Typically, an ER is divided into different coverage groups and each coverage group focuses on a specific industry sector;
- Performing Valuation of Listed Companies
This includes identifying a set of procedures used to estimate the economic value of an owner’s interest in a business. Valuation is used by financial market participants to determine the price they are willing to pay or receive to affect a sale of a business
- Researching the Economic and Industry parameters
The major chunk of work involves research on the general economy, the sector and the companies in question. They have to constantly keep up with the news and events in their sector. Once the data is gathered, detailed financial models are constructed to come up with company valuations.
- Performing a Fundamental Analysis
Fundamental analysis is a method used by investors before investing in equities to identify the intrinsic value of a stock. The current price of a stock may not reflect the actual value of the stock. The equity stocks may be overvalued or undervalued in the market. Fundamental analysts study the underlying health of the company in order to find the intrinsic value.
- Projection of Revenues or profits from the Company
Post this; the analysts will project the revenue for the Company, for at least the next five years. This projection will be based on the overall business plan. Various aspects are incorporated in the overall projection template – provide a simple and meaningful financial analysis.

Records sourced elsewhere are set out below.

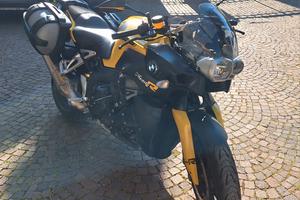 bmw k 1200 r gialla e nera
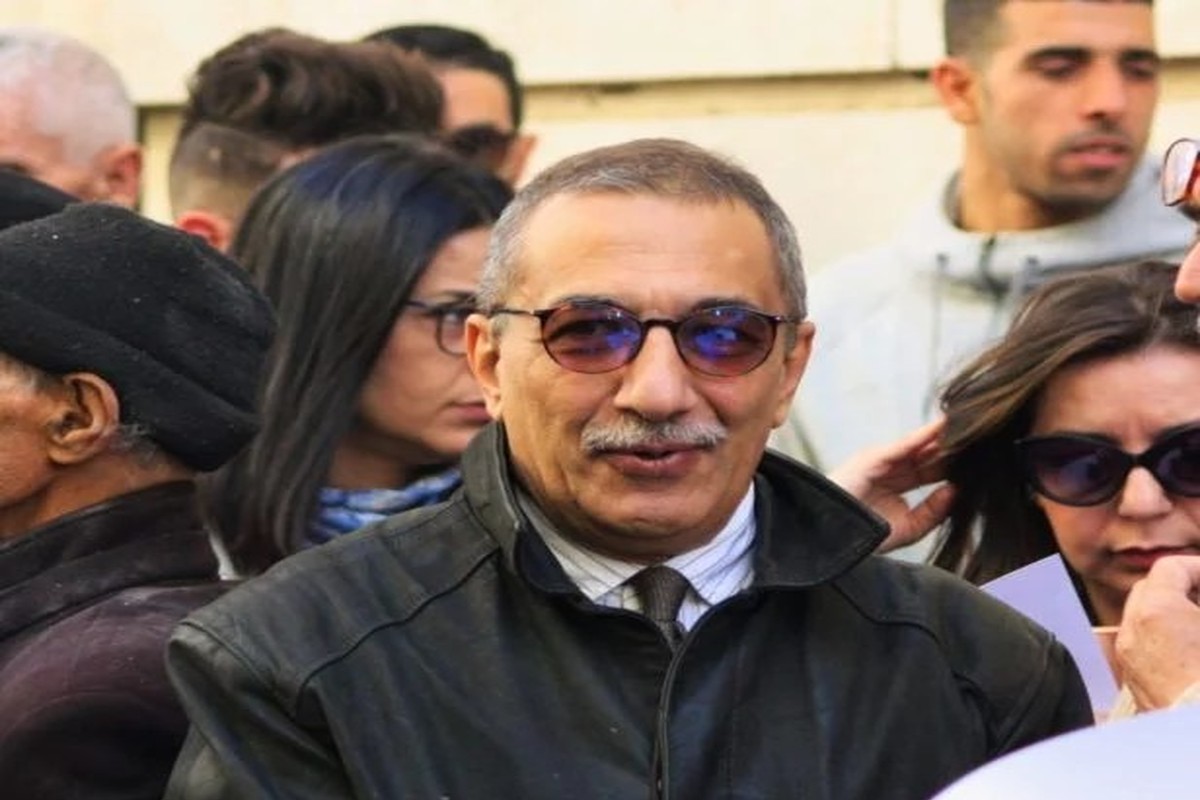 الصحافي الجزائري إحسان القاضي يواجه عقوبة بالسجن بين 5 و7 سنوات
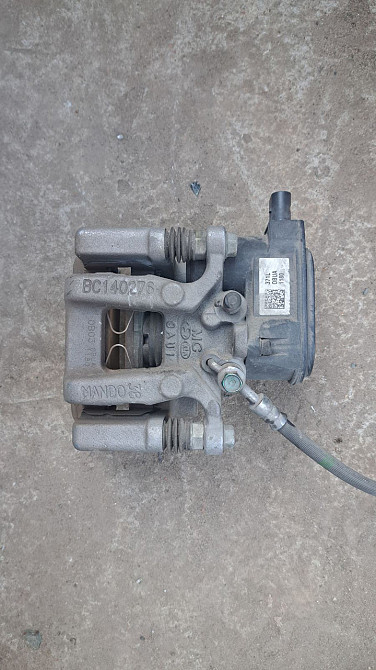 Задній правий супорт з електронним ручним на Kia Sportage 2016-2021 Київ - фото 1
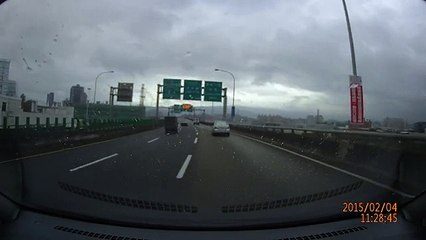 Taiwan Air Crash 4th Feb 2015 HD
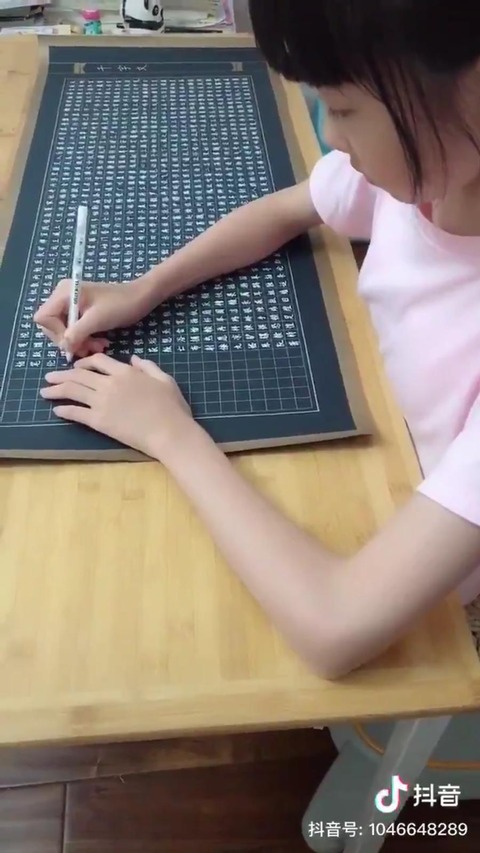 【画像】中国の美少女、めちゃくそ字が上手いと話題に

- Compare the Fair Market Value with the market price
Post find the values, the analyst carries out the valuation and compares the fair market value with the market price, post which they provide a recommendation on the equity investment;
If the FAIR Market Value < Market Price, then Sell
If the FAIR Market Value > Market Price, then Buy
In a nutshell, a strong equity research will enable you to make the right decision regarding your equity investment.